Les nouveaux « consom’acteurs »

par C’est Nabum
mercredi 12 février 2025

 

Ils ne troueront jamais leur poche.

 

Bientôt on ne pourra plus affirmer qu'il y en a pour de la monnaie. Voilà bien un terme qui va sombrer dans les oubliettes de cette société du contrôle absolu, de la surveillance et du pistage de chaque instant. Plus besoin non plus d'attendre au coin du bois ces nouveaux « consom'acteurs » de leur propre fichage en espérant leur dérober la bourse. Ils est même impossible de leur rendre la monnaie de leur pièce…

Ils n'ont pour tout instrument de paiement qu'un téléphone, cette prothèse numérique qui accompagne tous leurs faits et gestes, leurs pensées et même leurs fantasmes alors qu'elle déforme les poches bien plus qu'une petite bourse. Ils ont besoin d'un réseau de satellites pour accomplir tous les faits et gestes de la vie quotidienne tout en mettant en scène leur propre existence. Ils se nourrissent d'images plus que de mots, je vous en paie mon billet.

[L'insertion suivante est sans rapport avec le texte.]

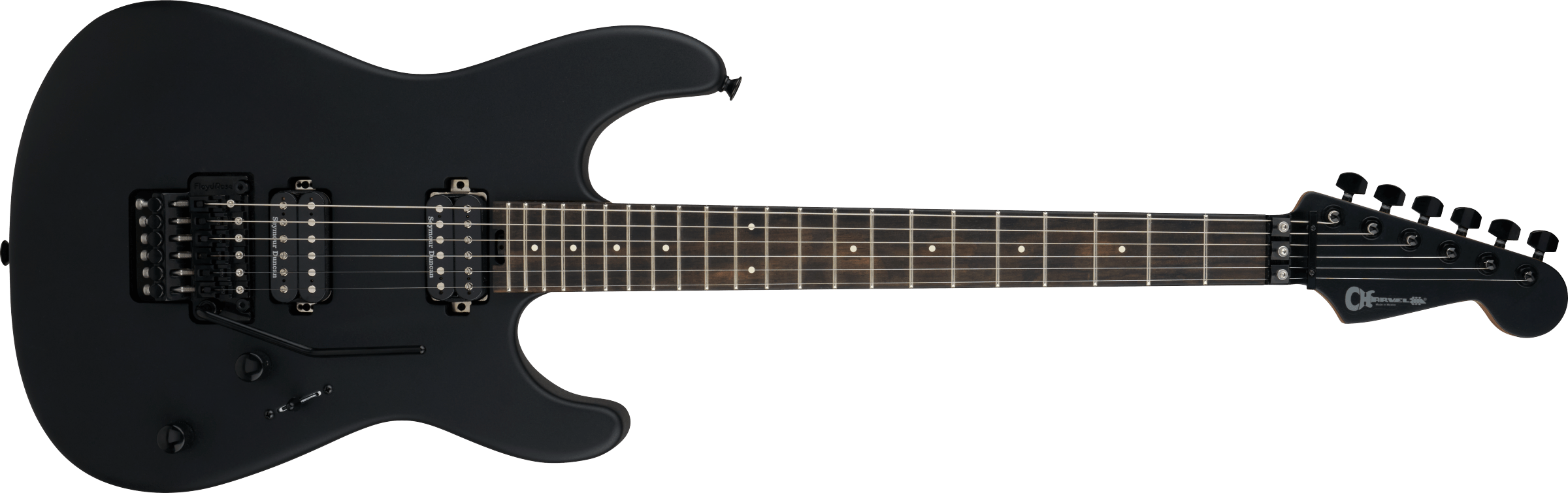 Charvel Pro-Mod Plus San Dimas Style 1 HH FR E : Pro-Mod Plus San Dimas Style 1 HH FR E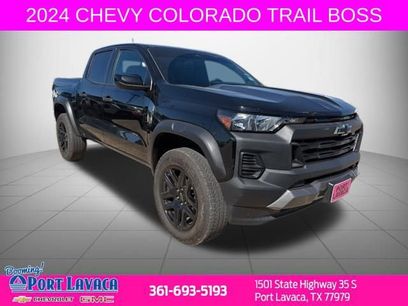 Used 2024 Chevrolet Colorado Trail Boss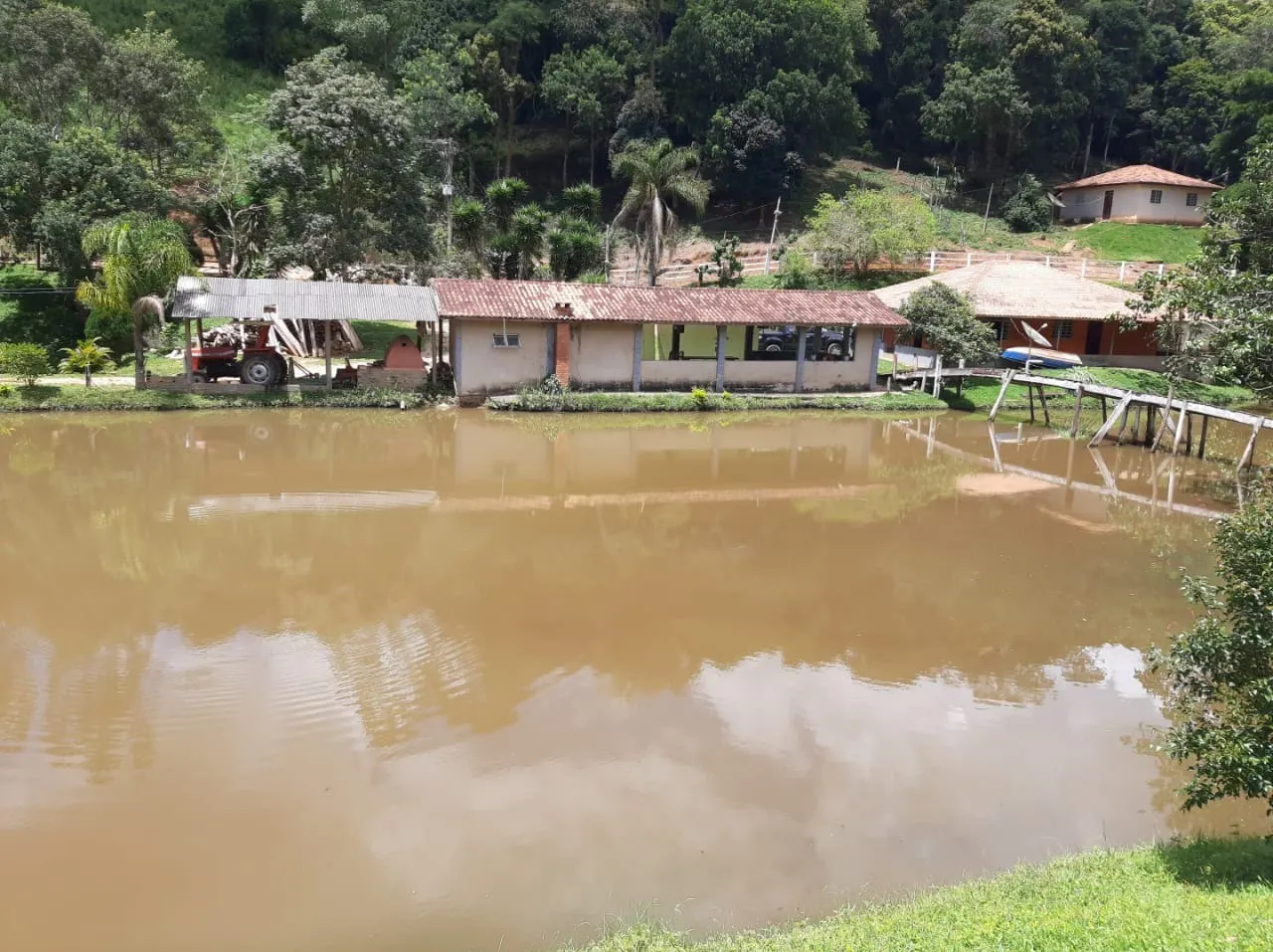 Sítio à venda de 73 ha em Ribeirão Branco, SP, Brasil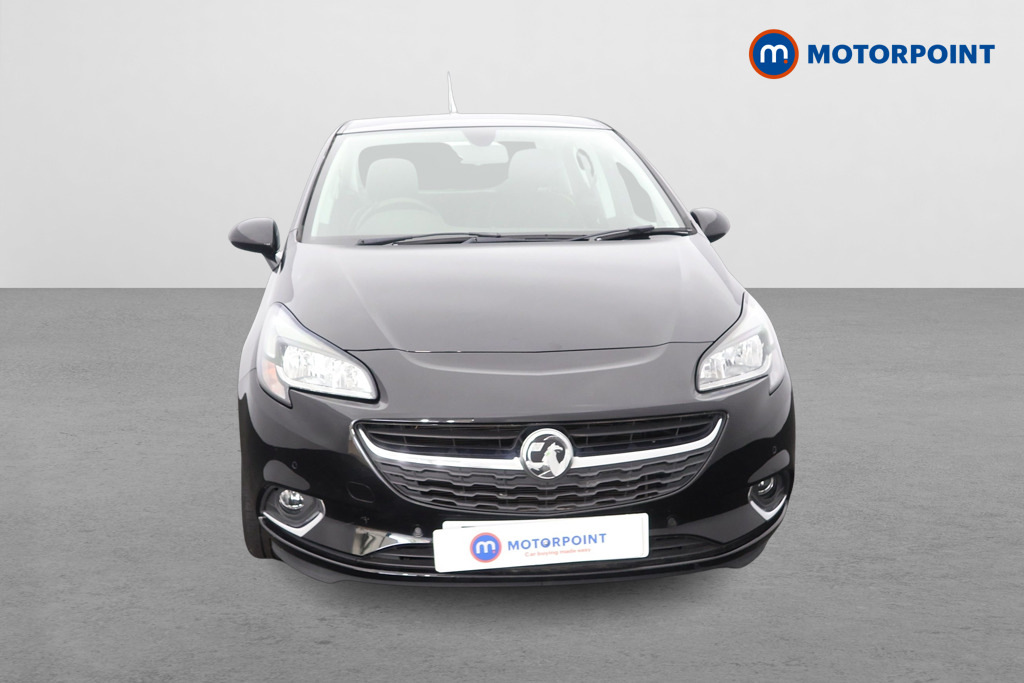 Vauxhall Corsa 1.4 Se BF66UZY Black #2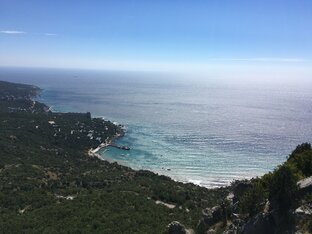 Легенды Крыма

Pas besoin de ferrailler avec eux pour leur expliquer que payer une baguette de pain ou un café avec cet instrument est pure hérésie d'autant plus qu'ils ne paient jamais les frais bancaires qui incombent à des commerçants qui se désespèrent de pareil comportement. Ils sont les pionniers d'un nouvel ordre mondial qui va éliminer l'argent liquide pour un contrôle fiscal plus impitoyable encore et permanent.

Adeptes de la facilité, ils n'ont cure de ces arguments, n'étant que des jouisseurs du progrès, des profiteurs du système. Ni porte-monnaie ni principe, ils n'ont pas la plus petite pièce sur eux, qu'elle soit sonnante, trébuchante ou bien vestimentaire. Avec eux, la femme du président n'a plus rien à quémander, elle rira jaune quand ils ne mettront rien dans son escarcelle.

Si par hasard, un chanteur des rues ou des guinguettes passe à portée de leurs oreilles, ils s'empresseront de sortir leur instrument pour filmer un petit extrait de ce moment si cocasse avant que de feindre de se désoler de ne pouvoir verser leur obole puisqu'ils n'ont pas le moindre sou sur eux. Ils prennent sans jamais rien donner au point que même dans les églises, il convient de prévoir un terminal bancaire pour le denier du culte de ces incultes.

Qu'un commerçant établisse un plancher pour le paiement numérique et ils s'indigneront de cet obstacle qui les prive de leur achat potentiel. Pour eux aucune limite à leur désir de tout confier à la dématérialisation et du reste ils s'emploient scrupuleusement à confier leur existence à l'absence de contacts humains. Ils désertent les marchés et les commerces de proximité pour passer commande sur la toile, se faire livrer si possible et éviter tout contact humain.

Ils vivent désormais par procuration avec ce petit boîtier qui enregistre leurs états d'âme et leur assure une vie sociale parfaitement fictive. Leurs amis sont virtuels, leurs loisirs numériques, leurs achats dématérialisés, leur existence dévitalisée. Ils converseront prochainement avec des entités imaginaires qui utiliseront les vecteurs de l'intelligence artificielle. Curieux télescopage du reste entre une sottise incommensurable et une illusion irrémédiable.

Je leur offre un billet, non pas ceux dont ils ignorent tout au point d'être incapable de rendre la monnaie si par un curieux hasard, ils se retrouvent à tenir boutique où à travailler sur un marché. Pour la moindre opération, ils sortiront leur supplétif artificiel pour calculer des opérations impossibles à leurs cerveaux déconnectés du calcul mental. À moins qu'ils ne se retrouvent dans un des ces établissements où un robot rend la monnaie pour des mesures hygiénistes.

Voilà ce monde auquel aspire nombre de ces gens résolument modernes. Je les regarde évoluer en m'interrogeant sur ce qui a dysfonctionné au cours de leur parcours de vie pour ainsi s'extraire progressivement de toute forme d'humanité. Ils me regardent alors avec des yeux de merlan frit, incapable de concevoir une société où les gens communiquent par la seule parole, en contact les uns avec les autres et dans une extrême proximité.